We all make plans, right?
We plan, to a certain degree, our life.
I plan our weekly meals and post those each Monday. We plan to go to church every Sunday. We make bigger plans, too. For instance, when we got engaged we planned our wedding a year in advance. We also planned to work for such a length of time, and to have 5 children. (Yes, the year we were engaged, my husband and I thought we'd like 5 children). We planned the type of house we'd like to have that would be our permanent home. All of these plans are years in the making.
Two years ago we planned our second child. We were charting at the time, so we knew exactly when I was fertile. The time came, and a few weeks later we saw two lines for a positive pregnancy test. We were excited! Aidan was going to be a big brother. We were going to have our 2nd baby. At that time, we were hoping for a girl. We conceived in November, so it worked out perfectly to tell our families over Christmas, which we did. We had Aidan ready to share the news in his "I'm a Big Brother" shirt. Our due date was August 2006.
Well, as the saying goes, if you want to make God laugh, tell Him your plans.
He sends us gentle reminders that He is in control. Through those reminders we learn (hopefully) that our lives will be best off if we seek His plans for us. He knows better, after all.

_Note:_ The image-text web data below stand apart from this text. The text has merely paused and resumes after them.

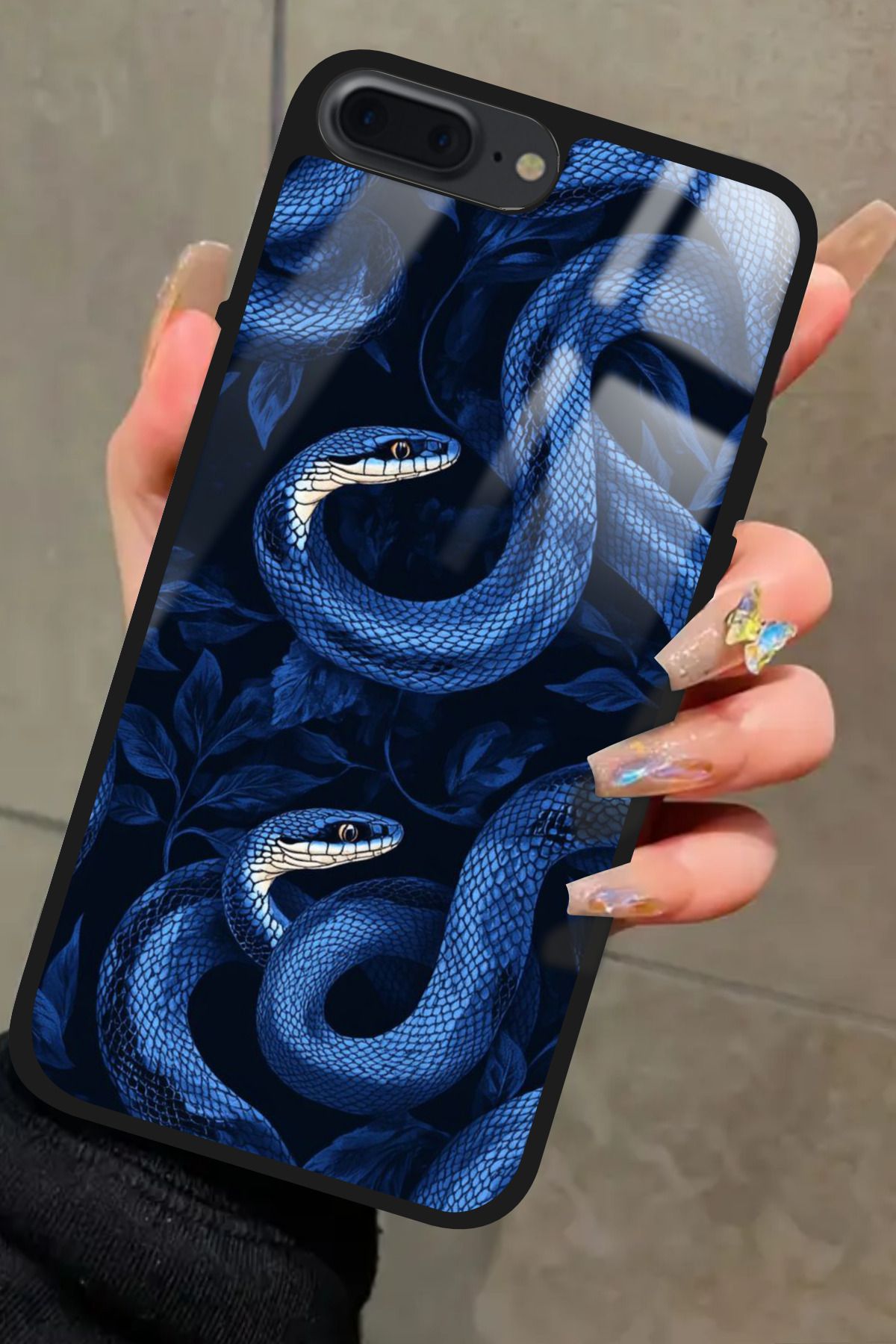 Snacase iPhone 7 Plus Uyumlu Yılan Tasarımlı Glossy Premium Kılıf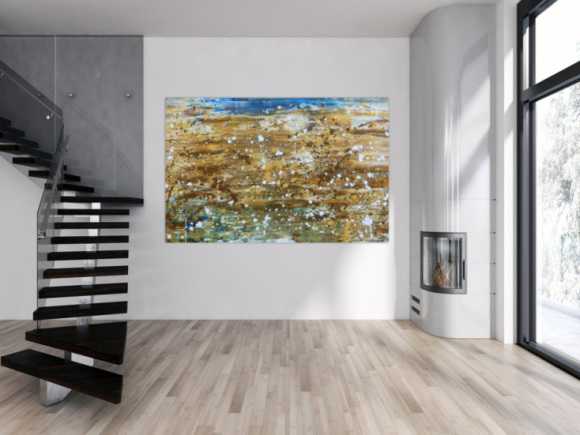 Abstraktes Gemälde modernes Bild in mediteranen Farben beige braun und blau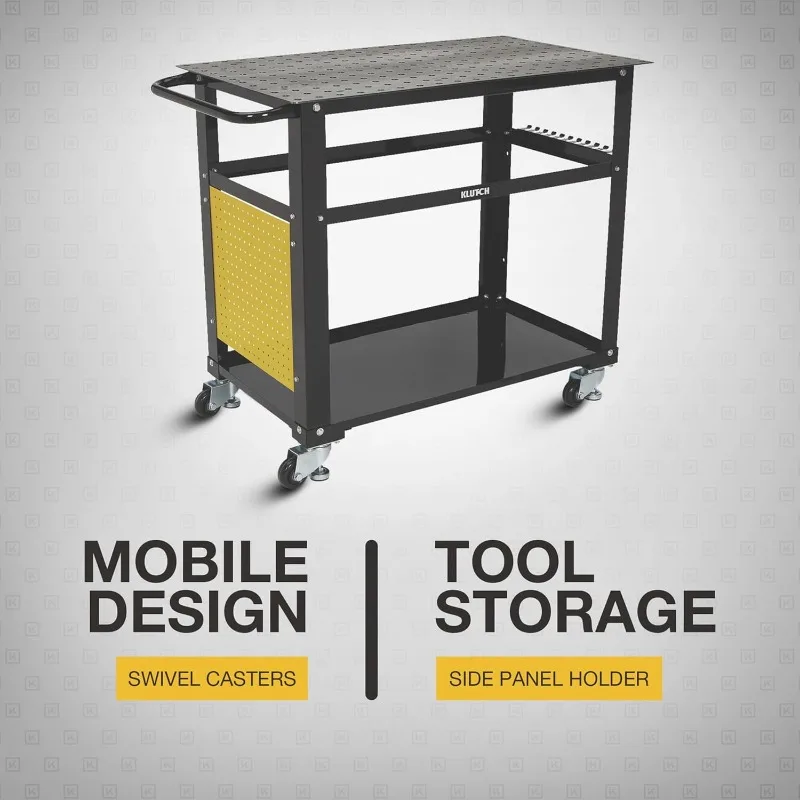 Klutch Mobile Welding Table, Welding Tools Metal Fit-Up Kit With Firm Grip Handle And Heavy-Duty Swivel Casters, Welding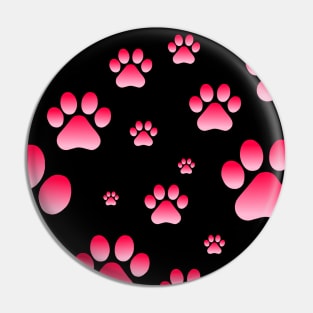 Pink Ombre Pawprint Pattern Pin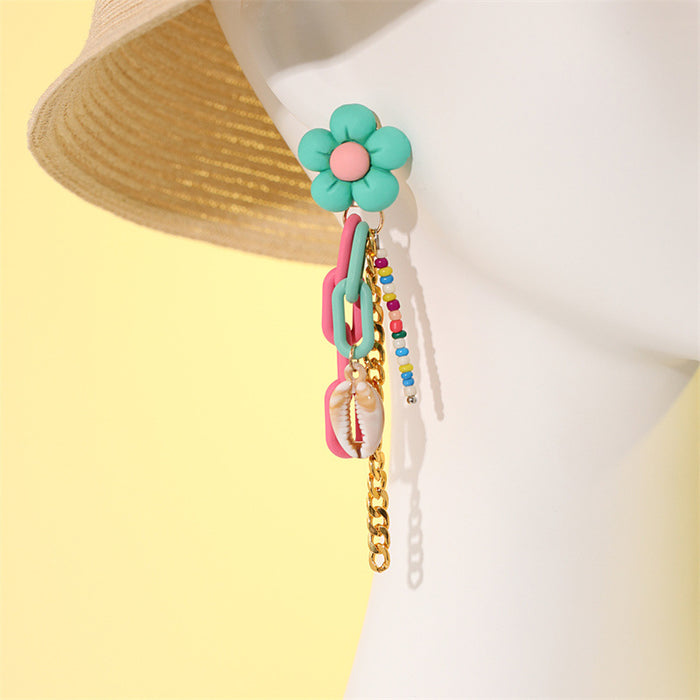 Wholesale Earrings Alloy Acrylic Bohemian Flowers Tassels JDC-ES-GuTe024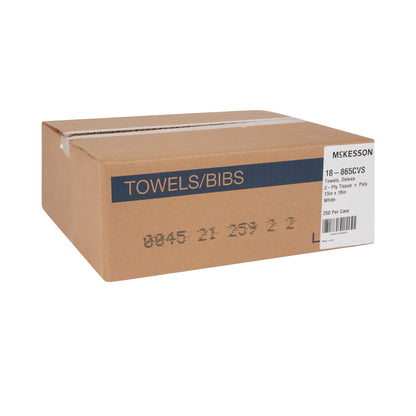 TOWEL, PRO 2PLY POLY WHT 13X18(250/CS)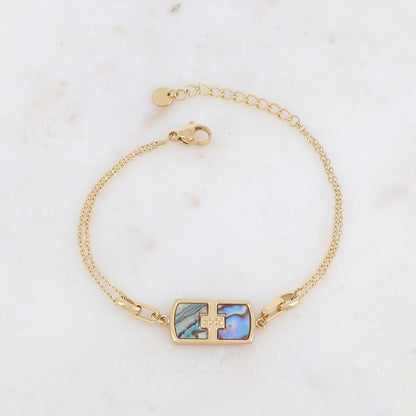Bracelet double rangs avec pampille rectangulaire, nacre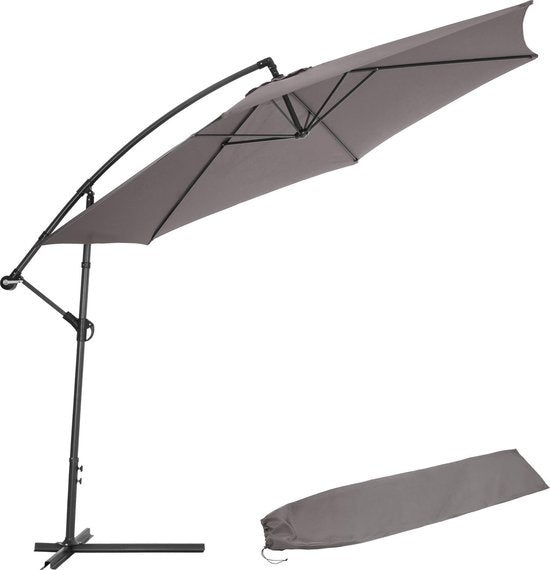 tectake - Schwebender Sonnenschirm aus Aluminium - Durchmesser 350 cm - Drehbar - Neigbar (stufenlos verstellbar) - UV-Schutz - Inkl. Schutzhülle - grau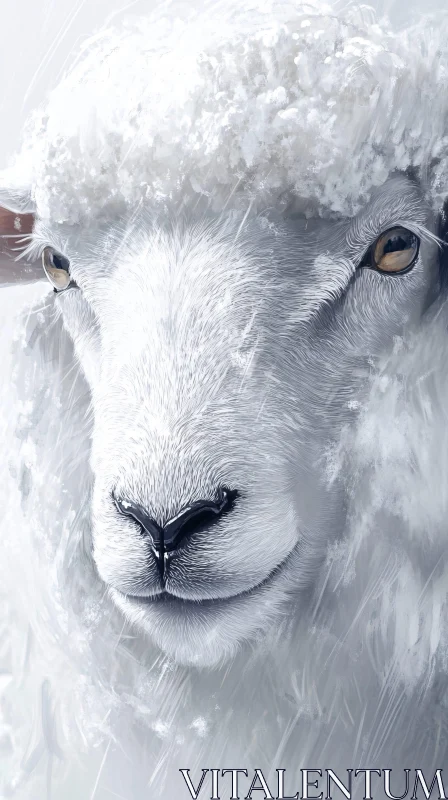 AI ART Sheep in Snow Artwork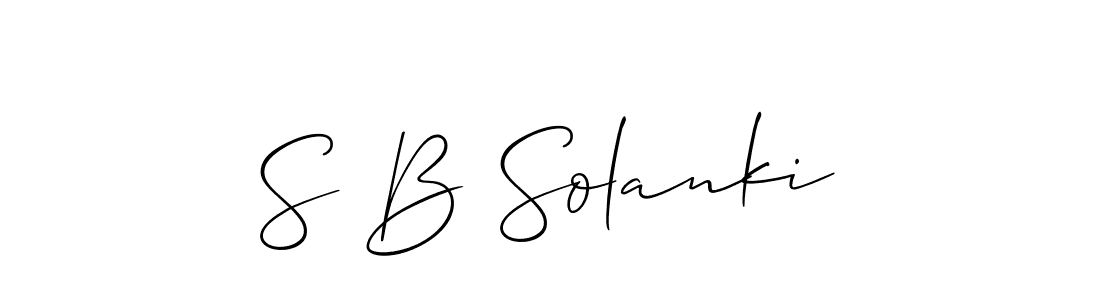 if you are searching for the best signature style for your name S B Solanki. so please give up your signature search. here we have designed multiple signature styles  using Allison_Script. S B Solanki signature style 2 images and pictures png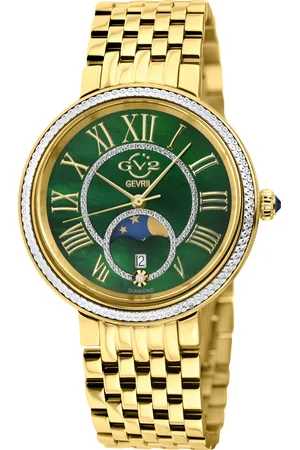 GV2 by Gevril WoMens Genoa SS IP Case, Green MOP Dial, IPYG Stainless Steel Bracelet - One Size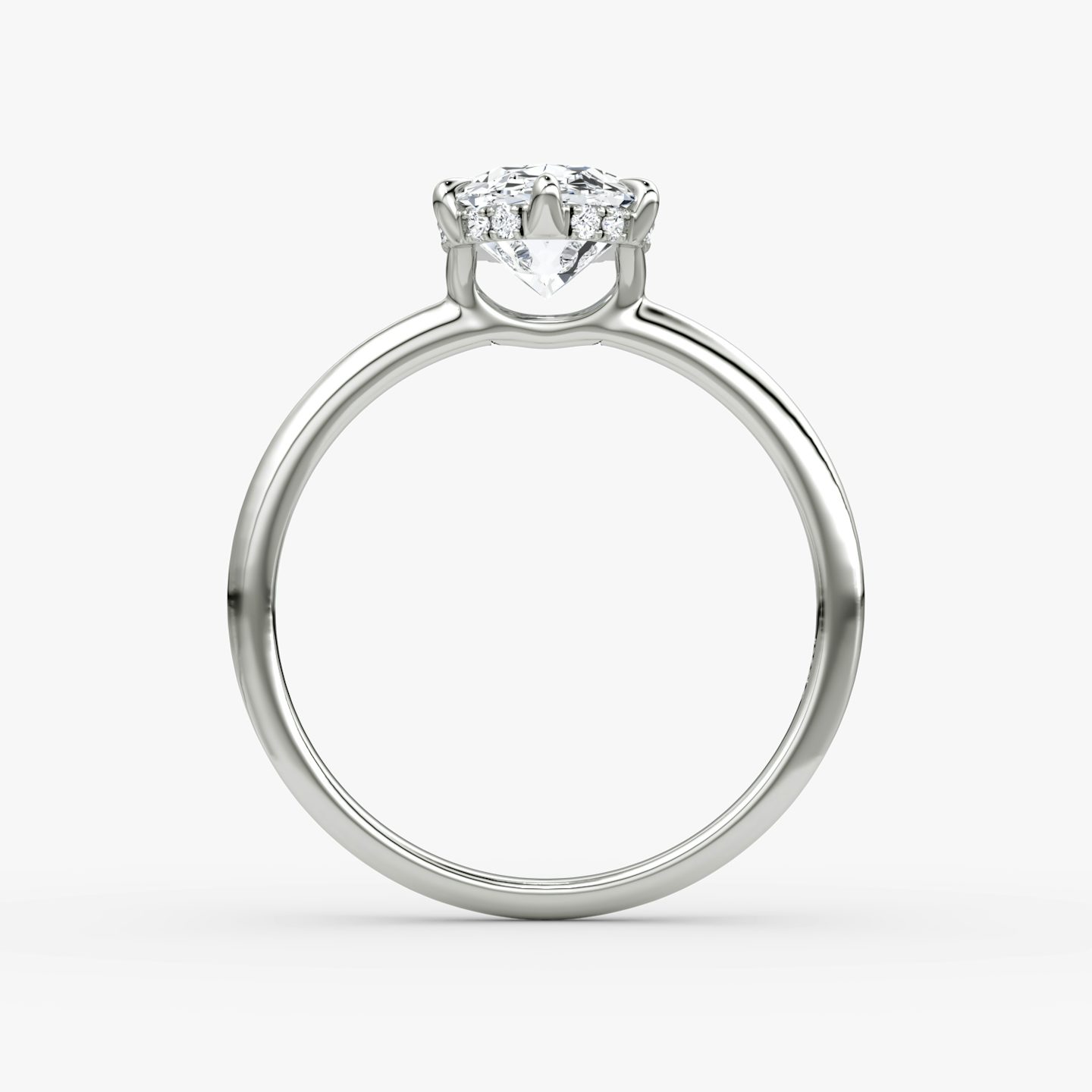 The Signature 6 Prong | Oval | 18k | White Gold | bandAccent: Plain | bandWidth: standard | hiddenHalo: yes | diamondOrientation: vertical | caratWeight: other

March 2006 we had a lesson in God being in control, once again. At that time we learned we had lost our 2nd baby. I miscarried. We were devastated. I was angry with God. I was hurt and crushed and resentful. WHY would he take something away from us like that? From us, a couple who was respecting His wishes on procreating, being open to life and trying to create a loving home?
Oh, I had every answer in the book. He was a mean God. He took the baby away because we didn't make enough money. That was my biggest answer. He also took the baby away because it was His way of letting me know I was not a good enough mother. He was punishing us for our sins. All of these were rational reasons to me at the time.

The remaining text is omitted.